Because they don't pay greedy ass morons like Owens what THEY think they are worth. Owens may get $40+ Million but he THINKS he deserves $120 Million. That's how...

Billsouth
11-10-2005, 07:55 PM
well, actually i think they use a loophole. clump knows a lot more about it but it involves putting unreachable incentives in some contracts (i.e. if j.p losman wins 2 games in a row he receives 2 mil bonus). the incentive counts against the cap the year it is in the contract but the team gets a credit the next year if it is not reached.

we should have put such an incentive in mw's contract. we would be 50 million under the cap

ajsdx
11-10-2005, 08:10 PM
well, actually i think they use a loophole. clump knows a lot more about it but it involves putting unreachable incentives in some contracts (i.e. if j.p losman wins 2 games in a row he receives 2 mil bonus). the incentive counts against the cap the year it is in the contract but the team gets a credit the next year if it is not reached.
we should have put such an incentive in mw's contract. we would be 50 million under the cap

lol...i like JP, but that dig was very nice. well done.

Turf
11-10-2005, 09:48 PM
well, actually i think they use a loophole. clump knows a lot more about it but it involves putting unreachable incentives in some contracts (i.e. if j.p losman wins 2 games in a row he receives 2 mil bonus). the incentive counts against the cap the year it is in the contract but the team gets a credit the next year if it is not reached.
we should have put such an incentive in mw's contract. we would be 50 million under the cap

LMAO

gannd
11-10-2005, 09:54 PM
They always are under the cap like that. But I guess theres an accountant out there that could give you an answer.

chubluv
11-10-2005, 10:01 PM
How is Philly 10-15 million under the cap?

Very Carefully!!

BSXIII
11-10-2005, 10:19 PM
Teams get cap credits for likely to be earned (LTBE) bonus incentives that aren't met the following season. When the Pats cut Milloy a few years back, they freed up cap space, but it was too late to use it. They did something ridiculous like giving a RB who wasn't gonna return a punt all year a bonus for punt return yards, when restructuring his contract(I forget the exact specifics, but it was something along these lines). The idea was rather than be $2M under the cap that year when it was too late to sign anyone else, they'd max the cap out that year and get a $2M credit the next year. Anyhow, the player never had a chance to earn the bonus, and as a result they were credited on the next years cap.

Devin
11-11-2005, 01:21 AM
I hear that next year Philly will be 10-15 million under the cap.
How in the world does a team that went to 4 straight Super Bowls

I am assuming you meant 1 Superbowl and 4 NFC Championship games or something along those lines?

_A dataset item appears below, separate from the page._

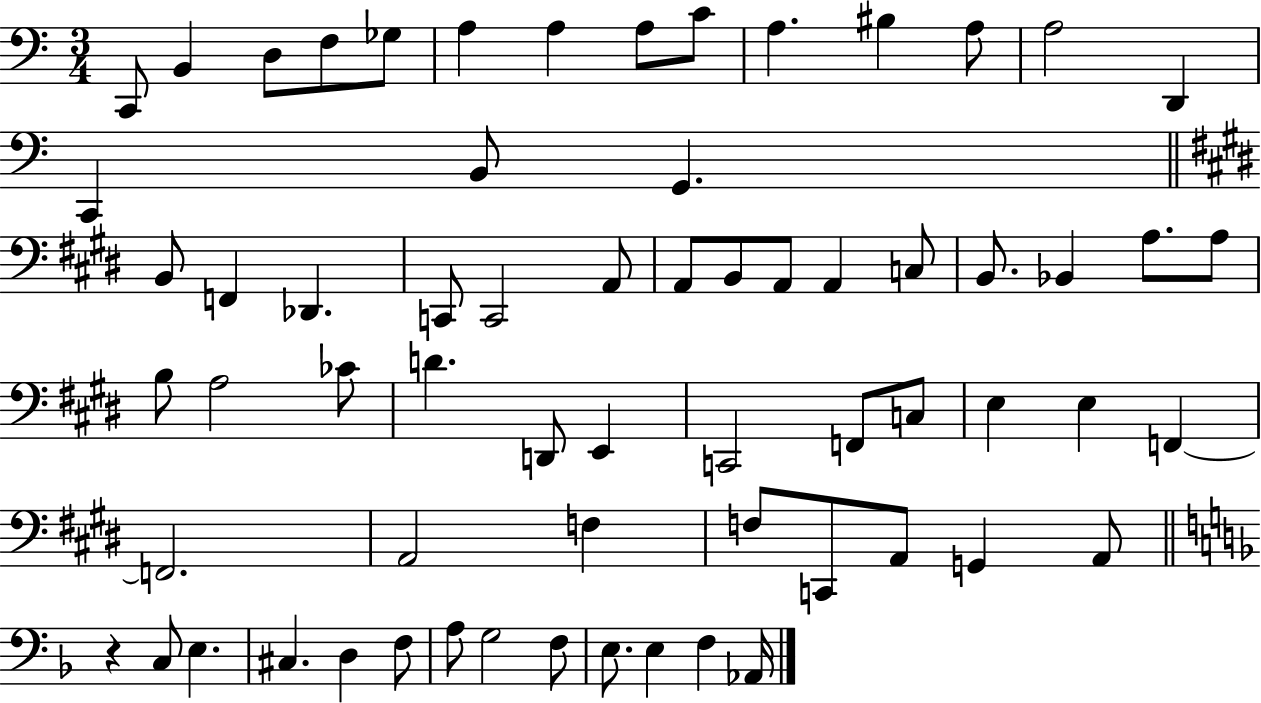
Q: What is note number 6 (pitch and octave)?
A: A3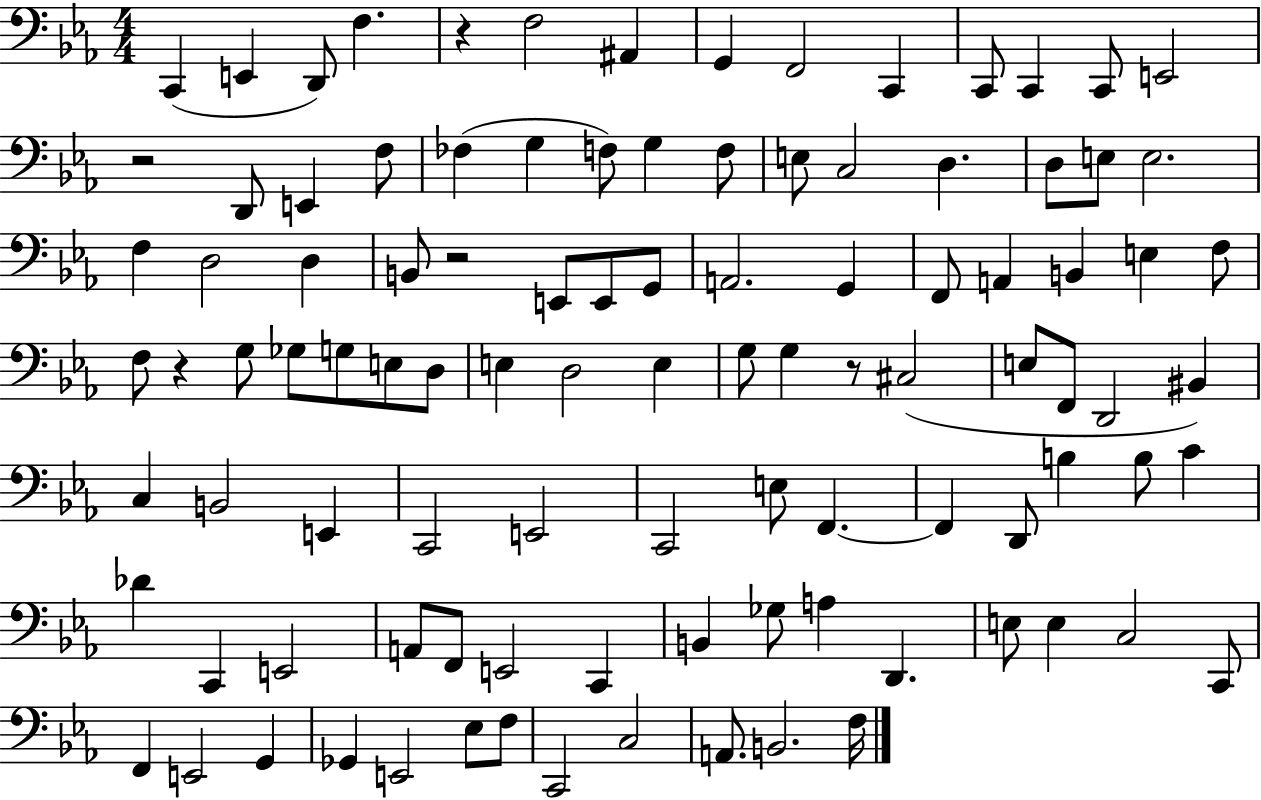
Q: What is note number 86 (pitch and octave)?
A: F2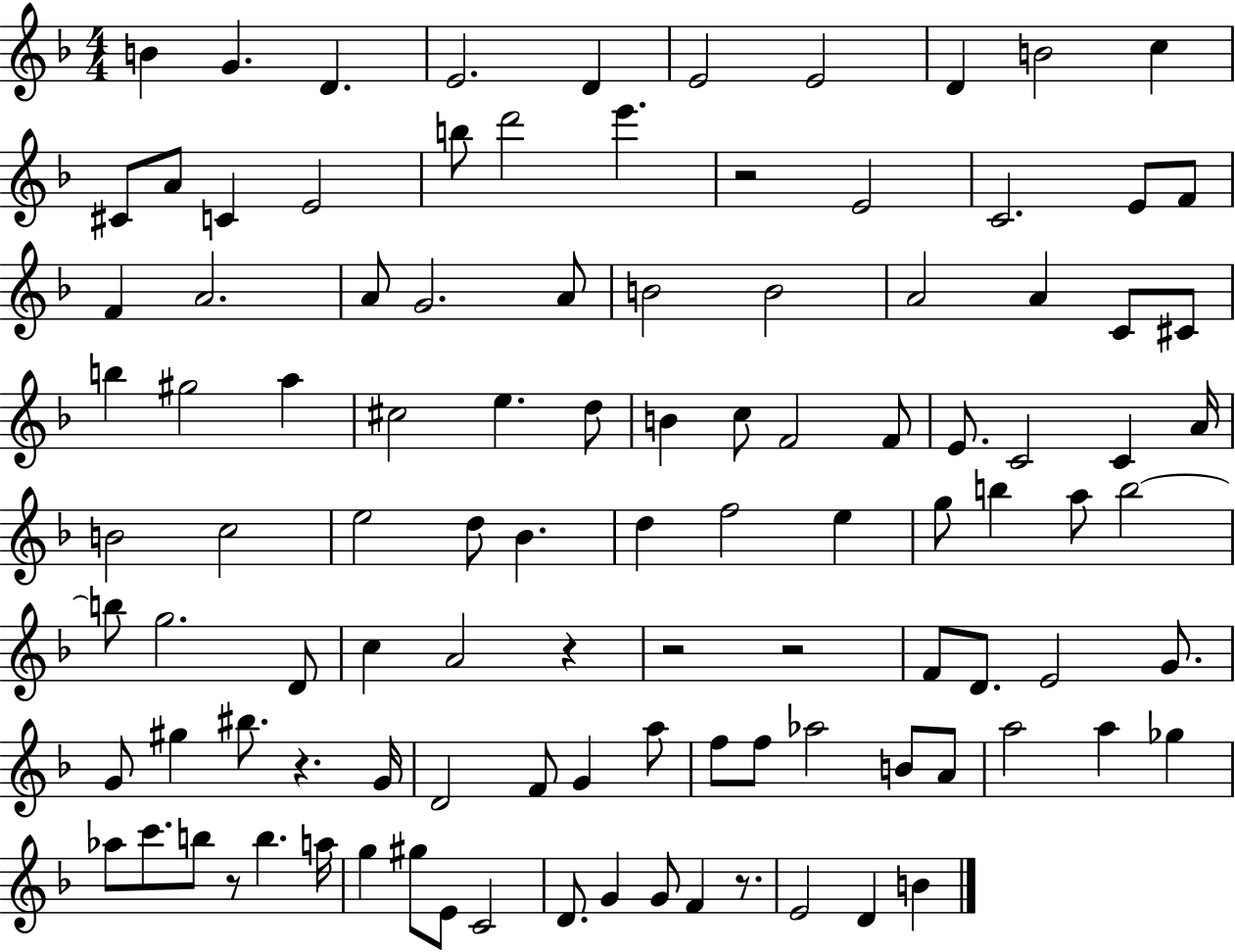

Id have to refer to clump on this one.

But Philly has been in this shape the past like 3 seasons. Owens is in the 2nd year of I believe a 49 Million dollar deal. Mcnabb signed like a 115 mil - 14 year contract in 2002 or 2003 and that contract escalates gradually his pay doesnt get hairy for Philly till like 2008 or 2009.

Lastly you have Jevon Kearse whose deal is for 8 years and 66 Mil. 20 mil of his contract is paid in the form of a 16 mil signing bonus and 4 mil roster bonus in the first two seasons.

As far as how they managed their money I defer to clump.

Jeff1220
11-11-2005, 06:48 AM
They do develop homegrown players pretty well. Drafting well helps your cap figures tremendously.

BillsFever21
11-11-2005, 08:30 AM
It's called a creative front office. Something we don't have.

madness
11-11-2005, 08:47 AM
How in the world does a team that went to 4 straight Super Bowls,have Mcnabb and sign TO to a 47 million dollar contract, manage to put a team on the field that wins year after. How do they convince these guys to stay for the pay they're getting? Did someone offer them a Wendy's Bacon Melt or something?